* [Work instructions]:
When you reach the line containing "하고 있다. 연합뉴스", start transcribing exactly and continue through the last line of the data, skipping every picture.

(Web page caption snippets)
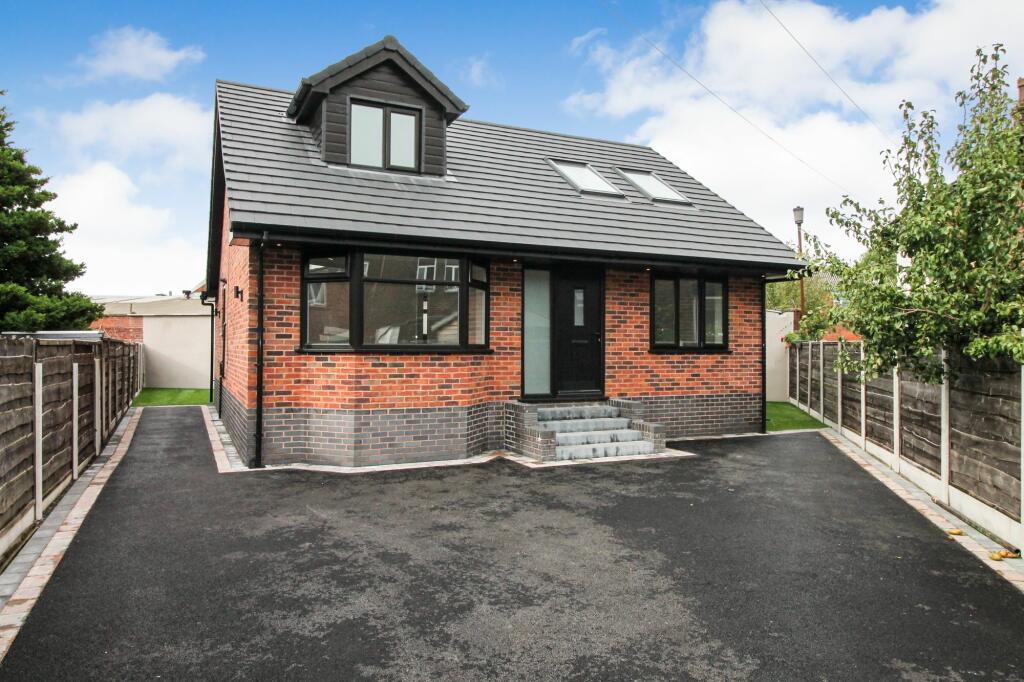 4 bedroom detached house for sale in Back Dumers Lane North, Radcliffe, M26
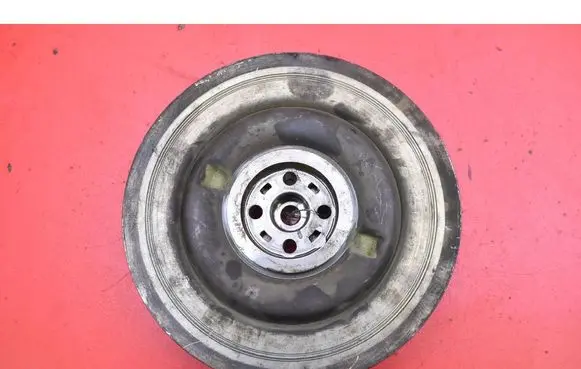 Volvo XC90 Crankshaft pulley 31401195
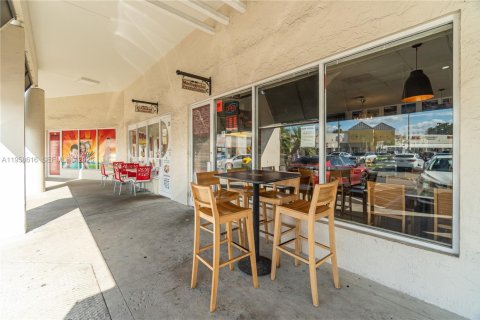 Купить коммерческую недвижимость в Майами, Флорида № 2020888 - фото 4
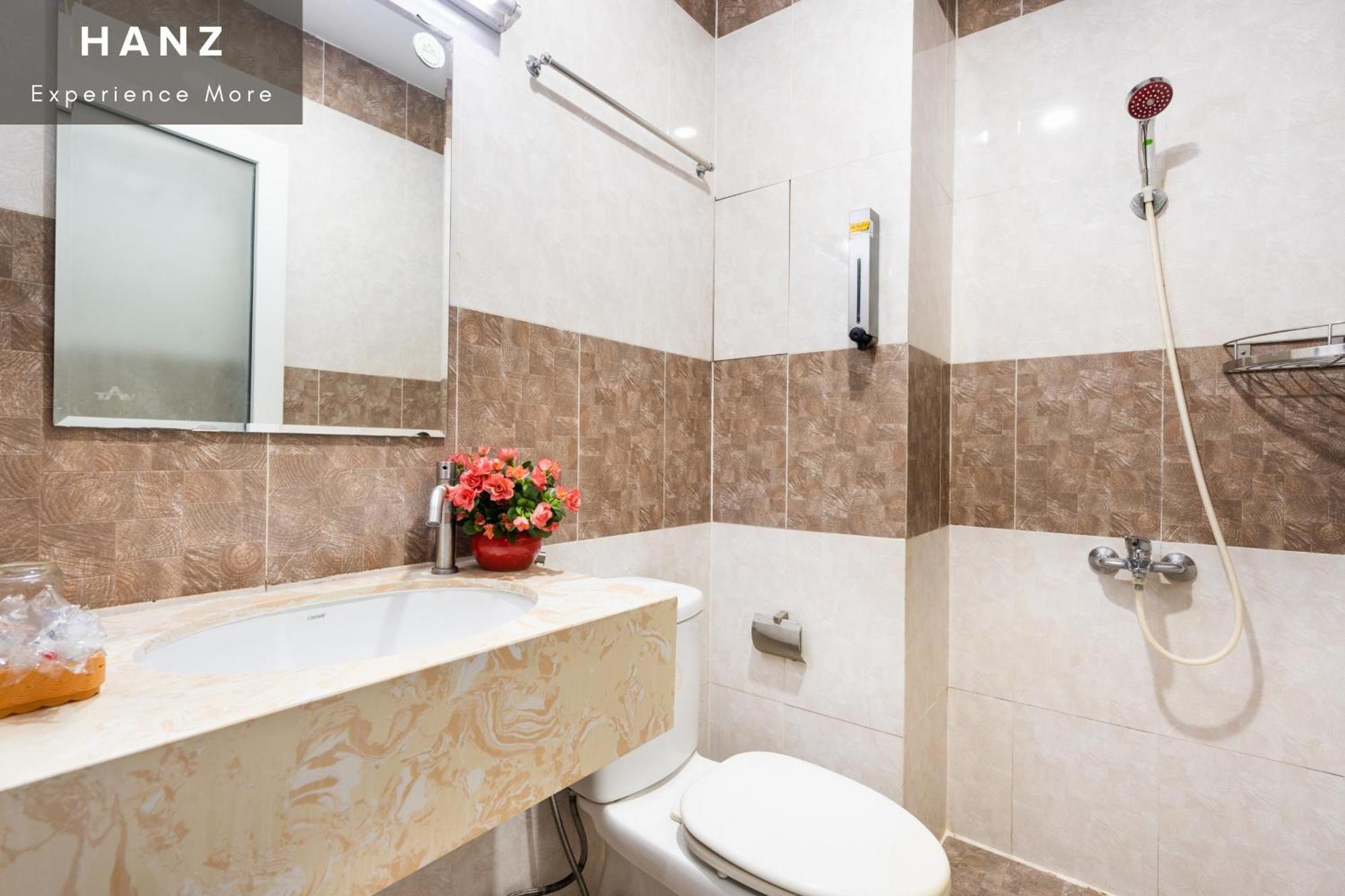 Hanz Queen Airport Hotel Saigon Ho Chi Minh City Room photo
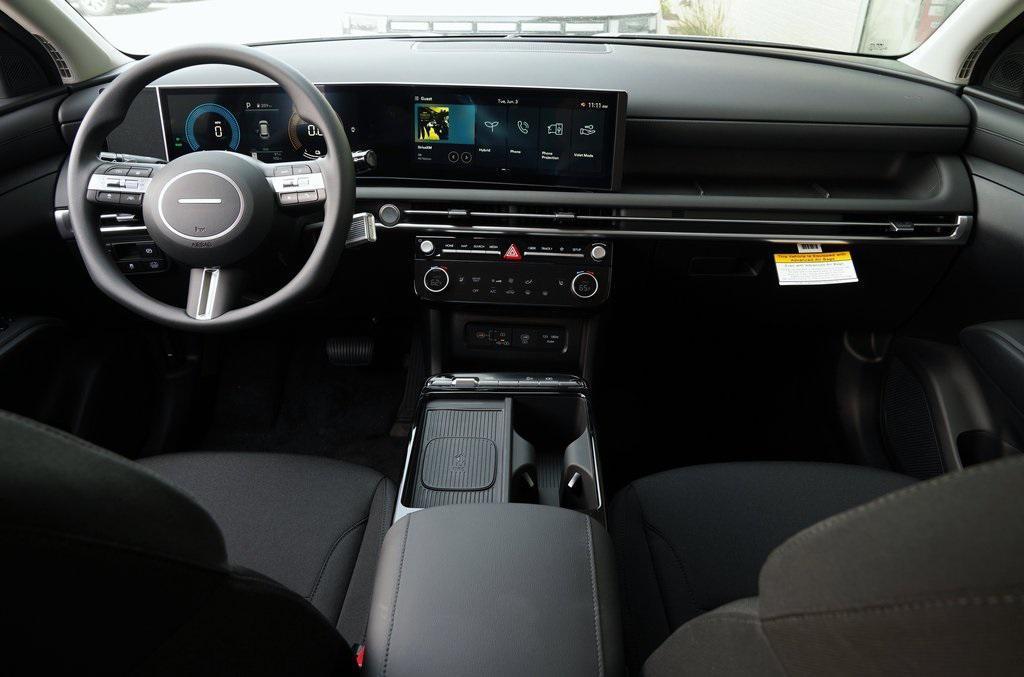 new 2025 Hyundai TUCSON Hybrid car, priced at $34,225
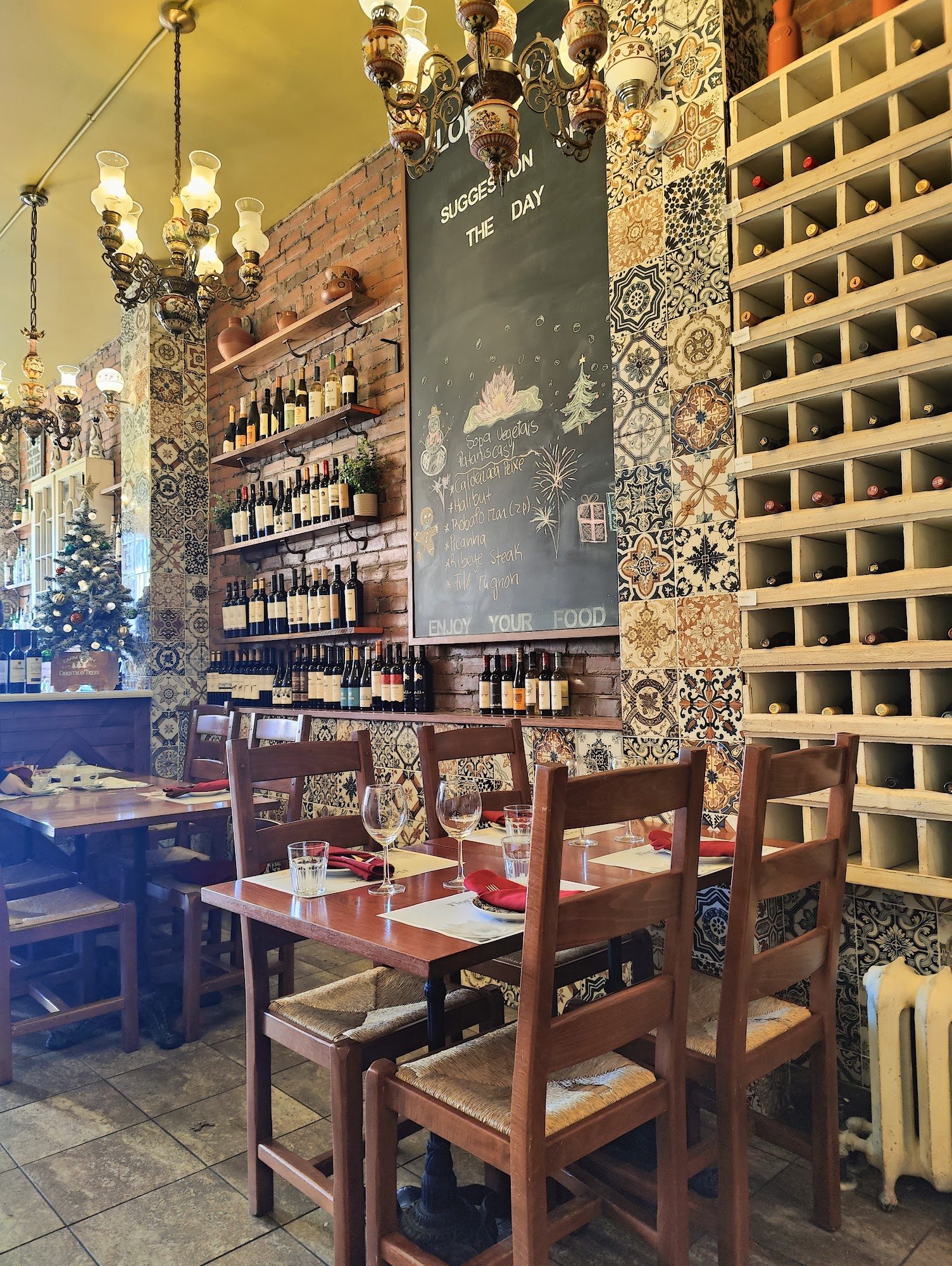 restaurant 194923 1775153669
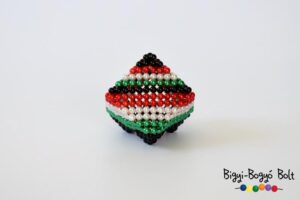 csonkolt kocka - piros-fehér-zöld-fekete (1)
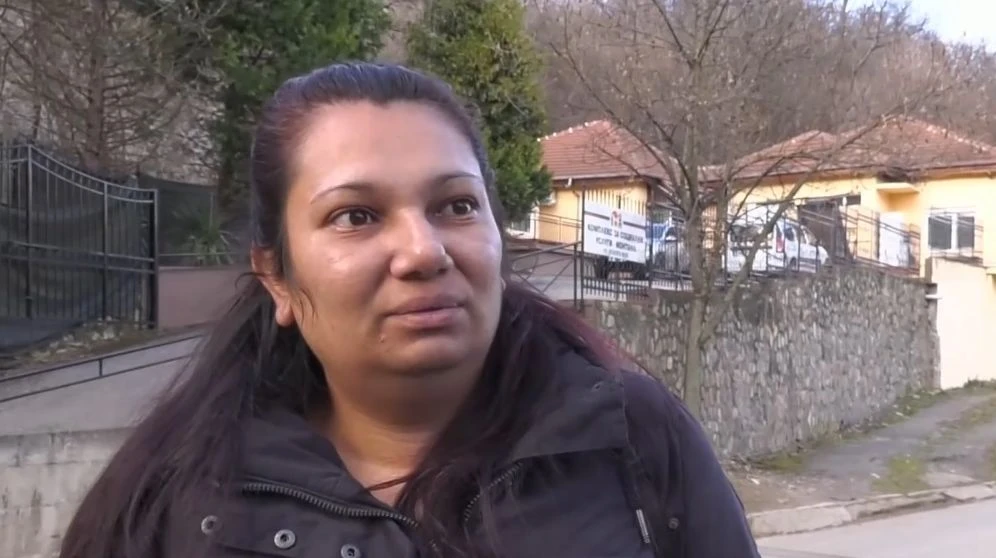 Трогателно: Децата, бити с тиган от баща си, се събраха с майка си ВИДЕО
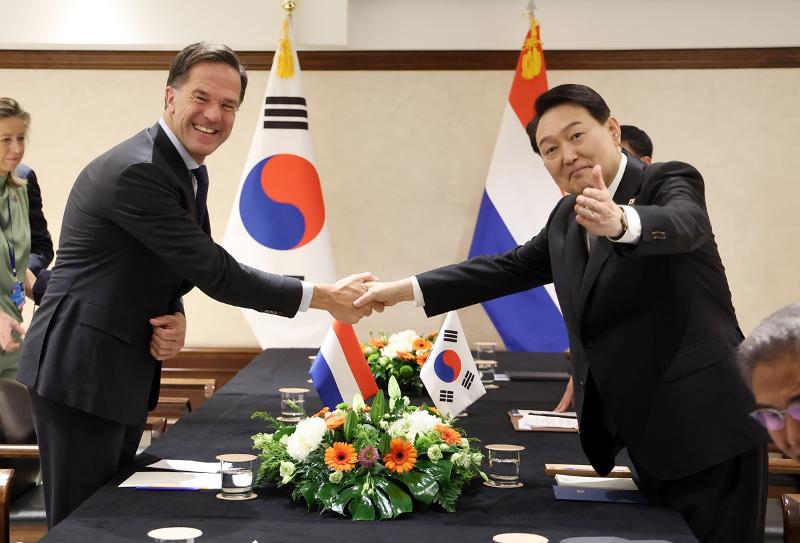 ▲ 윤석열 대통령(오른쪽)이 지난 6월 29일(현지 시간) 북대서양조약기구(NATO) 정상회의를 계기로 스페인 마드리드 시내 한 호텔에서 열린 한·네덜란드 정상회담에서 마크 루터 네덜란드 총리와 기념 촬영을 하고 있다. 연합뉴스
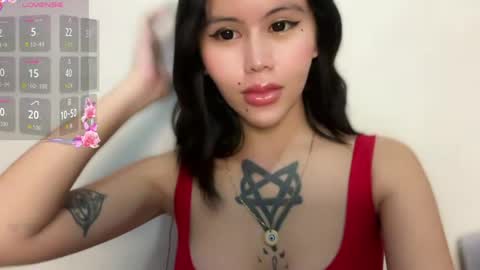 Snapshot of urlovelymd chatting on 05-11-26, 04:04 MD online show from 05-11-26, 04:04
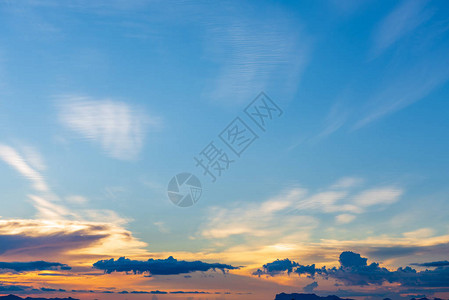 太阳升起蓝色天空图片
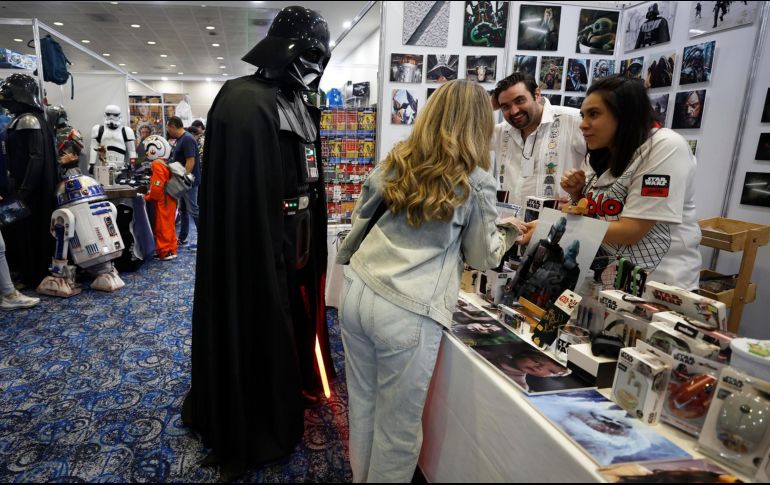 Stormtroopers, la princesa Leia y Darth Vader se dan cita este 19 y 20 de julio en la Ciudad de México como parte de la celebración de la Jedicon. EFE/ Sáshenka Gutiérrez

* [Output of the task]:
 ▲ 윤석열 대통령(오른쪽)이 지난 6월 29일(현지 시간) 북대서양조약기구(NATO) 정상회의를 계기로 스페인 마드리드 시내 한 호텔에서 열린 한·네덜란드 정상회담에서 마크 루터 네덜란드 총리와 기념 촬영을 하고 있다. 연합뉴스
 Snapshot of urlovelymd chatting on 05-11-26, 04:04 MD online show from 05-11-26, 04:04
 太阳升起蓝色天空图片
 Stormtroopers, la princesa Leia y Darth Vader se dan cita este 19 y 20 de julio en la Ciudad de México como parte de la celebración de la Jedicon. EFE/ Sáshenka Gutiérrez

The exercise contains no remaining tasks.